The Telegraph
Saturday , May 20 , 2017

Delhi sups with an old foe

- Talks with Afghan warlord signal shift

Hekmatyar (right) with ambassador Vohra

New Delhi, May 19: India has opened talks with Afghan warlord Gulbuddin Hekmatyar, a long-time enemy of New Delhi and close ally of Pakistan, marking a dramatic break in its policy towards Kabul.

India's ambassador in Kabul, Manpreet Vohra, met the 69-year-old Hekmatyar yesterday, two weeks after the man once dubbed the "butcher of Kabul" returned to the Afghan capital under a deal with President Ashraf Ghani.

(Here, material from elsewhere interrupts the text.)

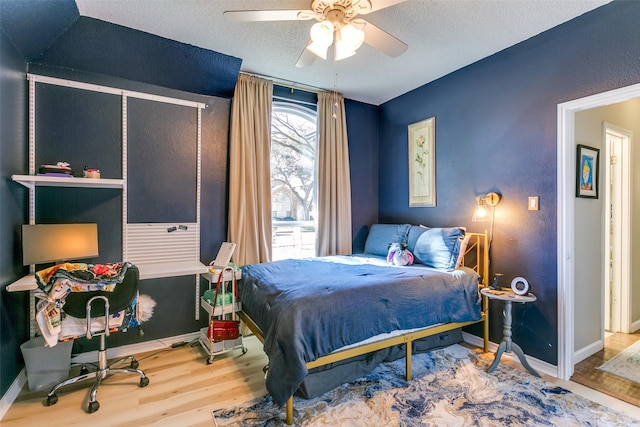 bedroom with a ceiling fan, a textured ceiling, baseboards, and wood finished floors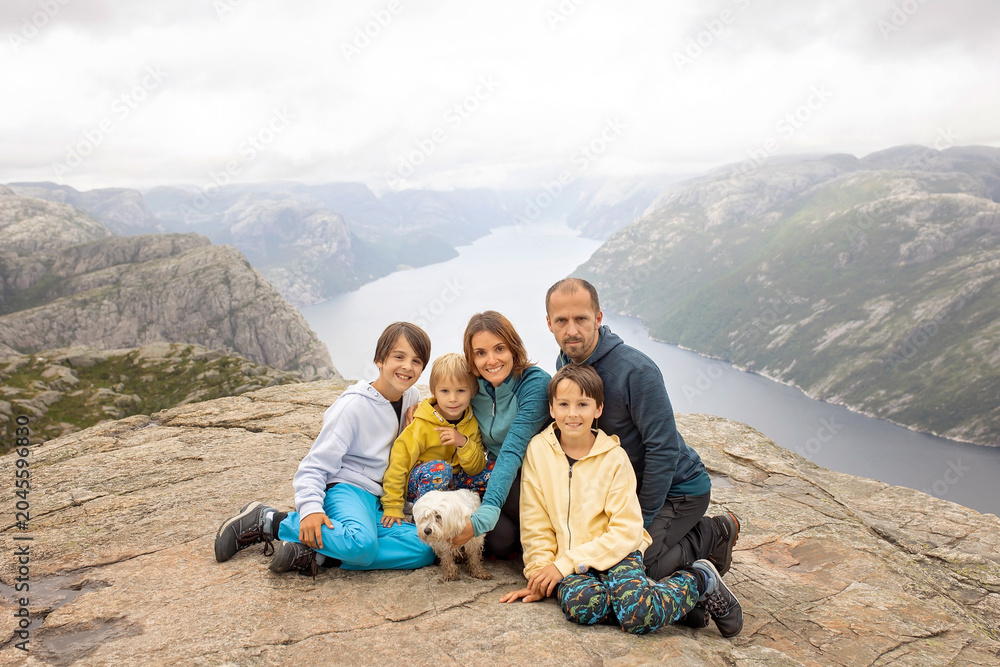 Fototapeta premium Family, enjoying the hike to Preikestolen, the Pulpit Rock in Lysebotn, Norway on a rainy day, toddler climbing with his pet dog the one of the most scenic fjords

Hekmatyar, the go-to man for Pakistan's Inter-Services Intelligence (ISI) during the CIA-backed mujahideen war against the Soviet Union, shares three decades of hostility with India.

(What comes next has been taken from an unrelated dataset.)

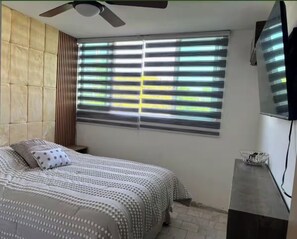A bedroom with a bed, a ceiling fan, a window with blinds, and a TV mounted on the wall. - 2-bedroom apartment in welcoming Mazatlán with AC for comfort (Mazatlán)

Ghani's deal with Hekmatyar's Hezb-e-Islami has widely been interpreted as an act of desperation aimed at countering the Taliban's expanding territorial control over Afghanistan following a series of military successes for the militia.

But the return to Kabul of Hekmatyar, who was believed to have hidden in Pakistan for most of the past two decades, is also expected to strengthen Islamabad's influence against Ghani, whose government has publicly criticised ISI support to groups like the Taliban.

Since the Taliban's defeat in 2001, India has focused on consolidating elected governments in Kabul. It has steered clear of any signalling that could strengthen alternative power centres. Officially, that remains India's position.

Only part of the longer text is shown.